- **MATERIAL FOR THIS TASK**
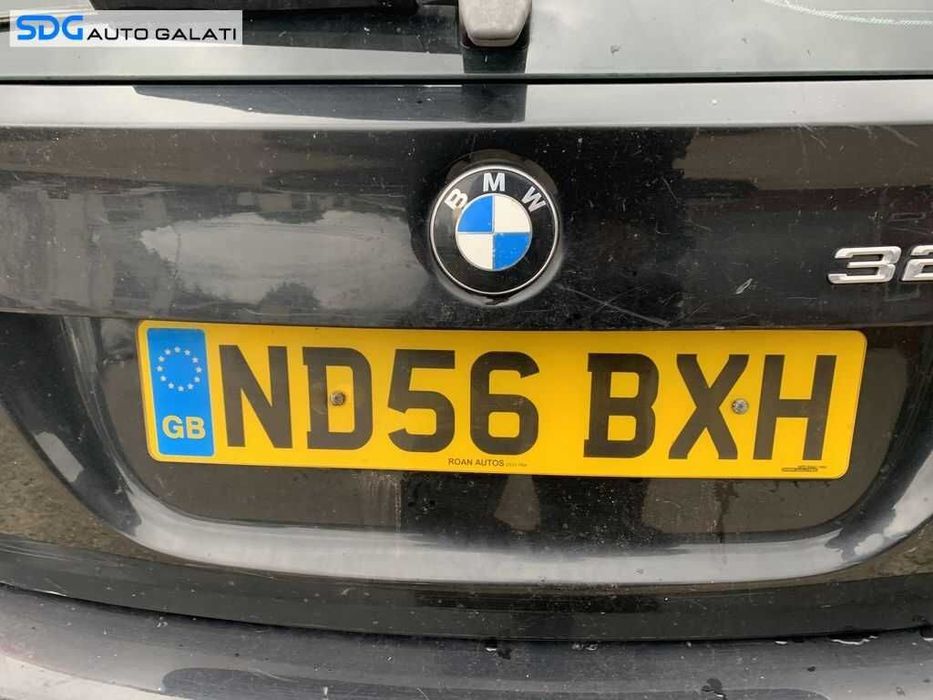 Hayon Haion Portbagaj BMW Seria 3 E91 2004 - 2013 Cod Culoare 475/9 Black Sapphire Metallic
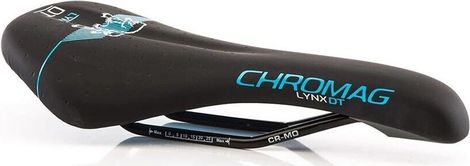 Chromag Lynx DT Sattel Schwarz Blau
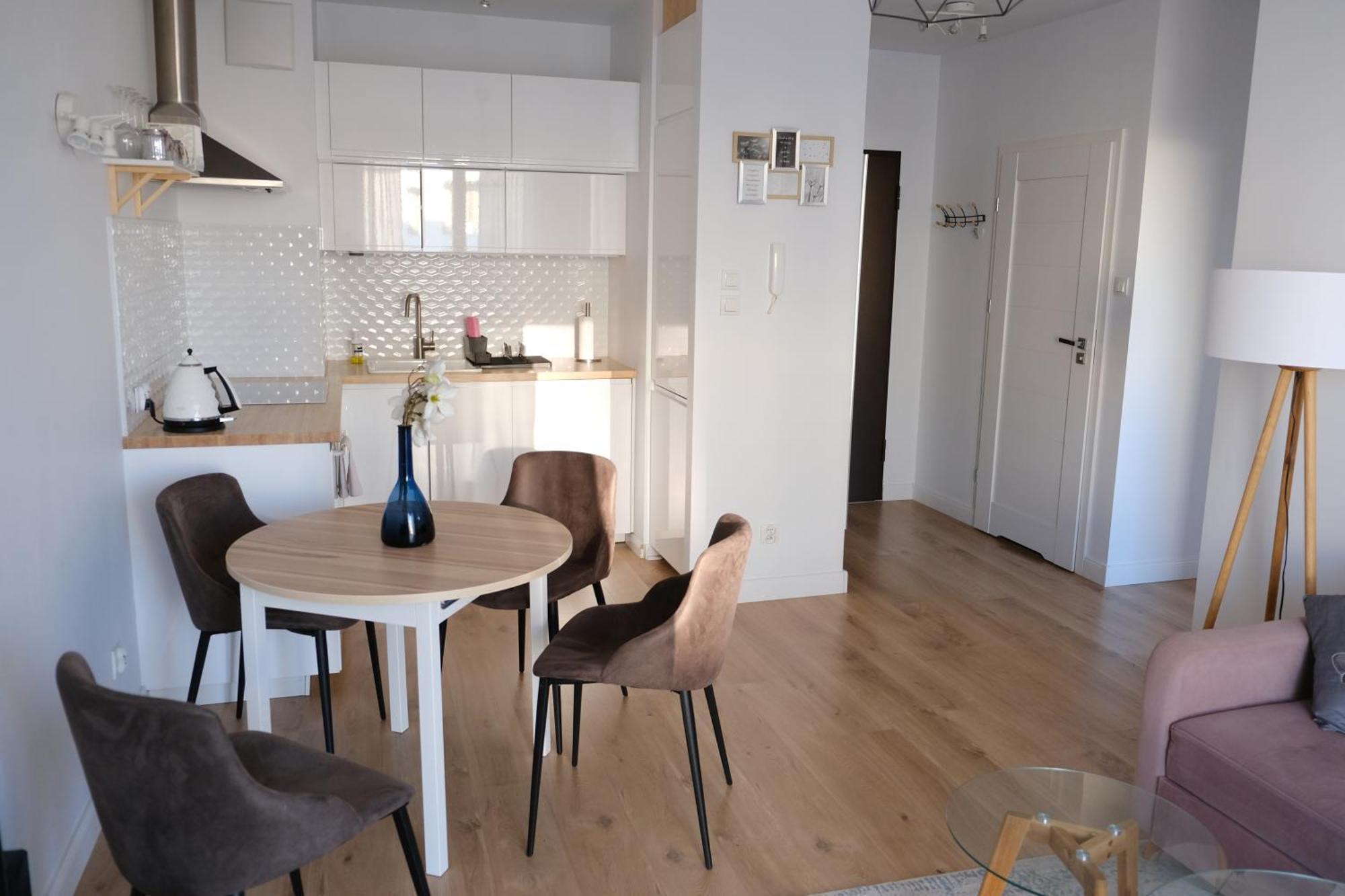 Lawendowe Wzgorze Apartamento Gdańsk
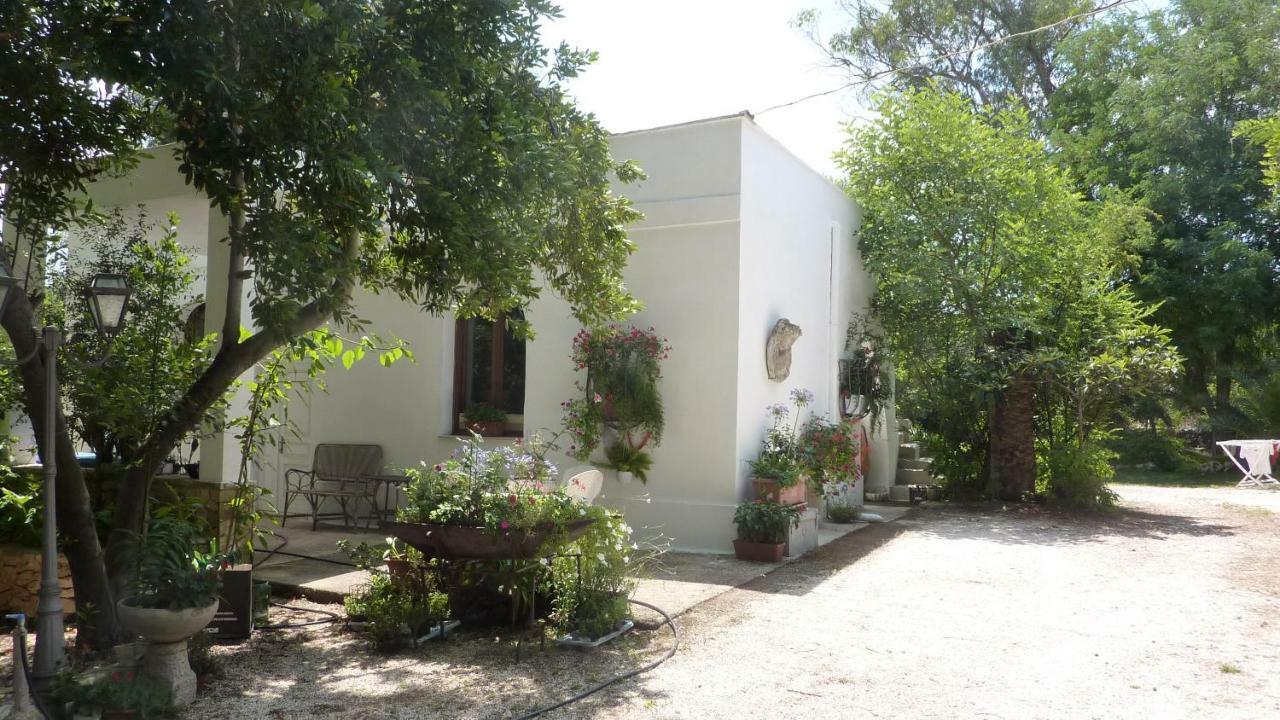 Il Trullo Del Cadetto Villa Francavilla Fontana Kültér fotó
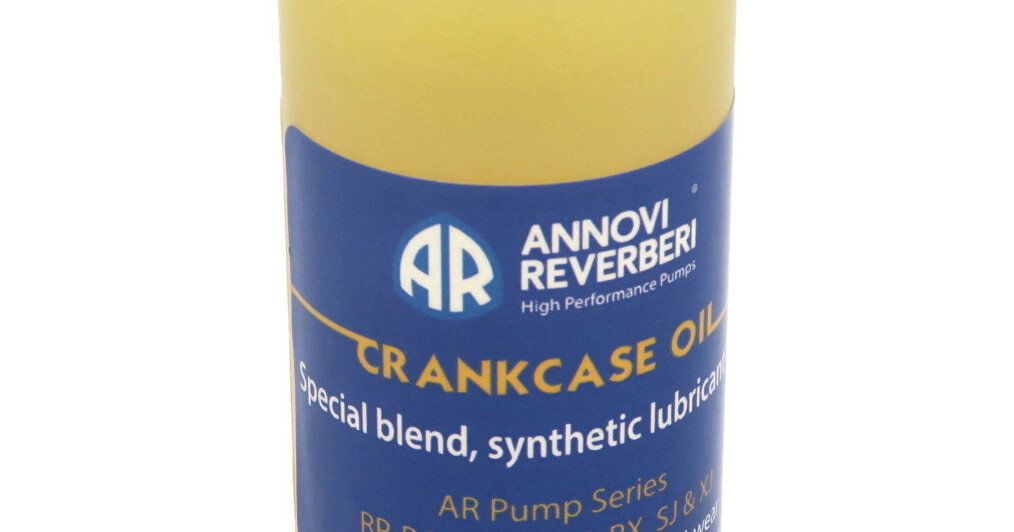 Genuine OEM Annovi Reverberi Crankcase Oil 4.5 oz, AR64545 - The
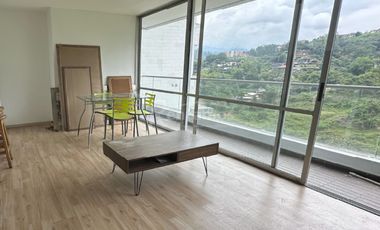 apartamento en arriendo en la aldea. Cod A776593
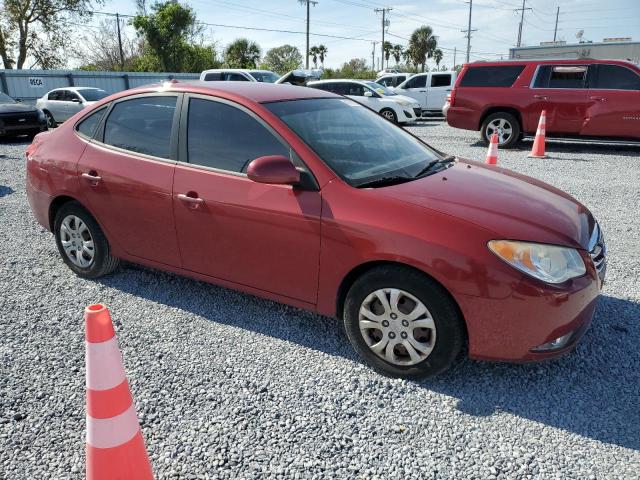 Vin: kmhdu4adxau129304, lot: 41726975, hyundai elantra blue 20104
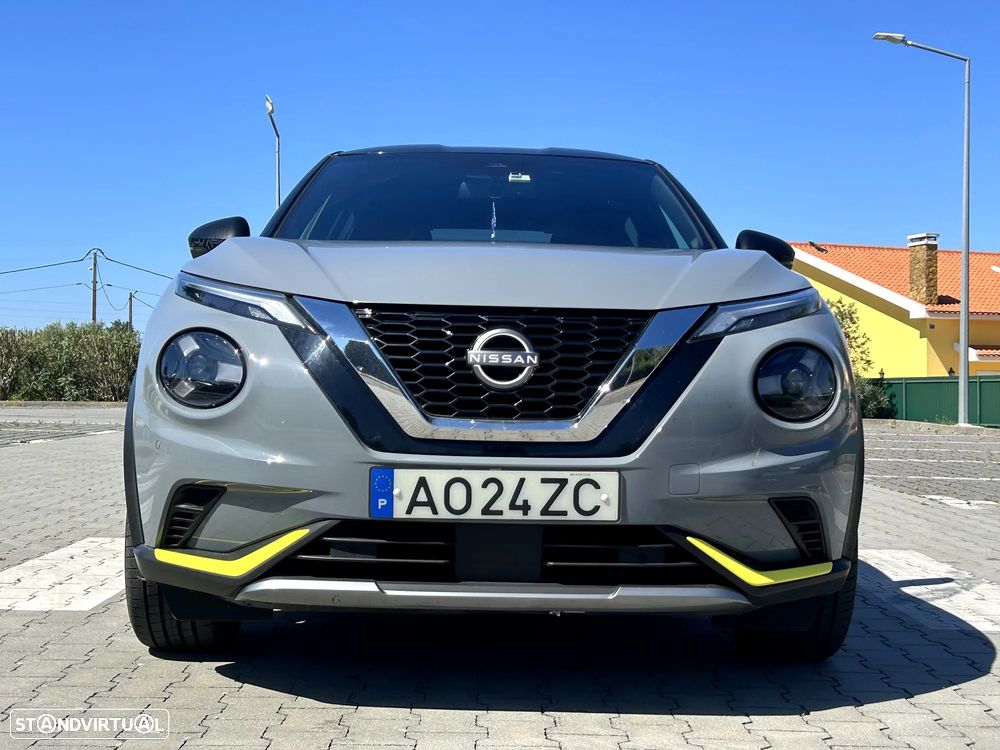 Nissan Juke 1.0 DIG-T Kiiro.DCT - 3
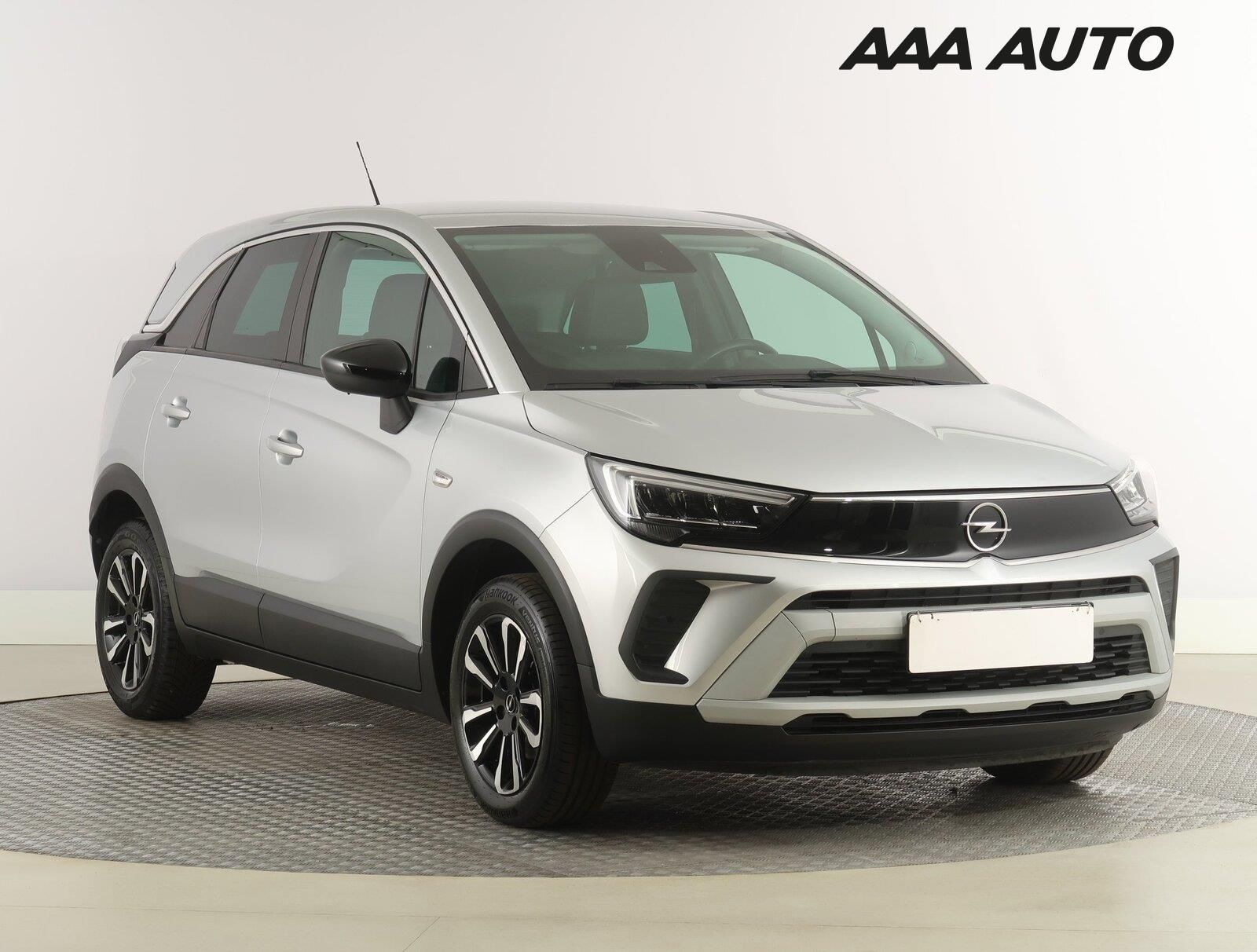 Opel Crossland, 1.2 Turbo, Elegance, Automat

- **YOUR INSTRUCTIONS**
Write out the line that contains "Il Trullo Del" and every line after it to the end of the data, exactly as they stand. Omit the pictures.

- **ANSWER TO THIS EXERCISE**
 Il Trullo Del Cadetto Villa Francavilla Fontana Kültér fotó
 Genuine OEM Annovi Reverberi Crankcase Oil 4.5 oz, AR64545 - The
 apartamento en arriendo en la aldea. Cod A776593
 Vin: kmhdu4adxau129304, lot: 41726975, hyundai elantra blue 20104
 Nissan Juke 1.0 DIG-T Kiiro.DCT - 3
 Opel Crossland, 1.2 Turbo, Elegance, Automat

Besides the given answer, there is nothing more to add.